▸ Task objective
Reproduce, exactly as they appear, the line containing "UHF-Female connector" and every line after it, ending with the last line of the records.

▸ Task inputs
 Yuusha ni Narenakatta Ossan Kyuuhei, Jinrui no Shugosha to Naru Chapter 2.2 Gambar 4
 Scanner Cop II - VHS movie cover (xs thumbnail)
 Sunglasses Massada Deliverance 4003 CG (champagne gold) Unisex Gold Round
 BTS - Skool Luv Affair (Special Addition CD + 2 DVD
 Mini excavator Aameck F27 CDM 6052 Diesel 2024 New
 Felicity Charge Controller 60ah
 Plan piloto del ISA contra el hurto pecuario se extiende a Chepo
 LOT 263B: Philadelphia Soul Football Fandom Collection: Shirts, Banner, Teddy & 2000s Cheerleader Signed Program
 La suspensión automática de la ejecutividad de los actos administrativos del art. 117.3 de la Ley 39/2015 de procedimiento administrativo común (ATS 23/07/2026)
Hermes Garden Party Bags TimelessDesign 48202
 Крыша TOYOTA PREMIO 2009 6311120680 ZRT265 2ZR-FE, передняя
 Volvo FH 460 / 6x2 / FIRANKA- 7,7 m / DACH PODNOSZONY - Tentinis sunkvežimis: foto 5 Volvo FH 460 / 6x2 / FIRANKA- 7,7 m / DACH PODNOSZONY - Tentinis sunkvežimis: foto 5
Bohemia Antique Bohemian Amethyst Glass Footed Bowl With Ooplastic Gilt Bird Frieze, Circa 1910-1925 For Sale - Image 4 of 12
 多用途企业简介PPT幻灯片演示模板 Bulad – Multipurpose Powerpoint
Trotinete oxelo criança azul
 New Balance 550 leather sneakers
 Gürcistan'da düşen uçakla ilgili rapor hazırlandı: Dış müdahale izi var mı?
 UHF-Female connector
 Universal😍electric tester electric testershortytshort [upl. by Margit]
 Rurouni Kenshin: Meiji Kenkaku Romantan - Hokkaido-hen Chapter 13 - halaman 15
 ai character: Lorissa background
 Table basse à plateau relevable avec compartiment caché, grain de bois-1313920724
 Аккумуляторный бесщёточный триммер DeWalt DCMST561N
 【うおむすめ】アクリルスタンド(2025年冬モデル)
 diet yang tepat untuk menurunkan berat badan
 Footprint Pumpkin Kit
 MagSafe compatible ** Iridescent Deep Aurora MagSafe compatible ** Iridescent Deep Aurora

▸ Exercise output
 UHF-Female connector
 Universal😍electric tester electric testershortytshort [upl. by Margit]
 Rurouni Kenshin: Meiji Kenkaku Romantan - Hokkaido-hen Chapter 13 - halaman 15
 ai character: Lorissa background
 Table basse à plateau relevable avec compartiment caché, grain de bois-1313920724
 Аккумуляторный бесщёточный триммер DeWalt DCMST561N
 【うおむすめ】アクリルスタンド(2025年冬モデル)
 diet yang tepat untuk menurunkan berat badan
 Footprint Pumpkin Kit
 MagSafe compatible ** Iridescent Deep Aurora MagSafe compatible ** Iridescent Deep Aurora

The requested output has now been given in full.